Whether we like it or not, part of academia is the social aspect. People want to be around people they enjoy talking to or with, and this extends to hiring committees down the line. Consequently, regardless of how shy or introverted you may be, you need to learn how to talk with others beyond “hi, how are you?” and “Are you enjoying the conference?” This doesn’t mean you have to be Ms. Congeniality — but it does mean you have to make it a point to meet people and introduce yourself and say more than just, “I liked your paper, thanks.” Find a talking point. A friend of mine makes it a point to write down one thing that strikes her as particularly interesting in each paper she hears, and then asks questions or for further clarification on this point after the session is over. I have seen her wrangle an invitation to drinks or dinner on more than one occasion using this tactic. Remember — if you get happy when people take the time to comment on your work, then other people feel that way, too. Wouldn’t you want to have drinks with someone who liked your paper?

Finally, a note on looking the part — while I am not a suit girl and likely will never be a suit girl, neither do I wear jeans to conferences no matter the venue, organization, or size of the event involved. When you are a tenured professor you can wear whatever you like; but as a graduate student, remember that you are being judged on self-presentation. Wear comfortable, professional or semi-professional clothing, and comfortable shoes — you will be walking a lot, and hobbling with a grimace on your face because your feet hurt and the blisters are killing you is not a good look. For men, just a nice pair of pants, khakis or darker, a button-down shirt and a tie or bowtie will do; women can wear the same, or a dress, or a skirt and blouse combination. Ladies — please, double-check that when you sit down, the skirt covers your knees! It’s distracting in all the wrong ways to be able to see a woman’s underwear while she is presenting a paper, and I have seen this happen more than once — if you are not a compulsive leg-crosser, it’s better to just go with a long skirt or pants. Also, when you are giving your paper, if you have long hair tie it back so people can see your face as you read or present.

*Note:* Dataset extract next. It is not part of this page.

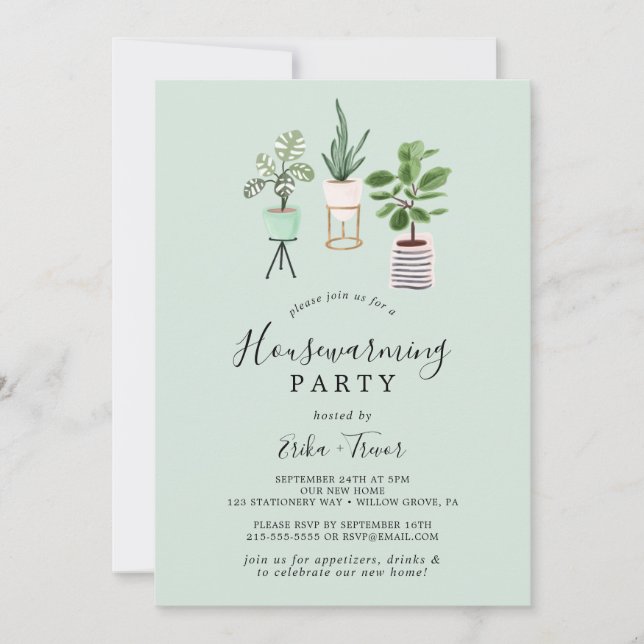 Plantor för krukhus | Mint Houseuppvärmning Party Inbjudningar (Framsida)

Try not to be too stylish or trendy in your clothing choices, because you might be seen as “trying too hard” to be cool — remember, these are fellow academics, not models just off the catwalk; they’ll be more impressed with your thinking than with your cool factor, and you want them to be. It is completely fine and even desirable to accessorize with bright colorful and/or memorable items of jewelry, such as scarves, necklaces, earrings, rings and the like — I always wear my jade dragon ring and sometimes my dragon hairstick, which serve as talking-points and which people remember me for from one year to the next. Tattoos are a personal choice — I have one, and I’m not afraid to show it off, but it’s a discreet one on my ankle and hardly anyone ever notices it, whereas if I had a sleeve or body art visible at my neckline, I might consider wearing something that covers it in the interest of not alienating older academics who might or might not consider this acceptable decoration for a scholar. essentially, a good rule of thumb in clothing choices is that you want to attract attention, but not to be a distraction.

And before you attend any conference, go to the campus printing services at your college or university and have business cards made. It will cost you about ten dollars for a hundred of them, and you want to have them on you at all times during the conference and to distribute them to anyone you speak with who seems interested in your work, These should have your name, department, school address, email and phone number on them, and can also include your areas of specialization.

It’s probably obvious from the sheer length of this post, but I have grown to truly love going to scholarly conferences, and I hope some of this advice is helpful to those just starting out in conference attendance.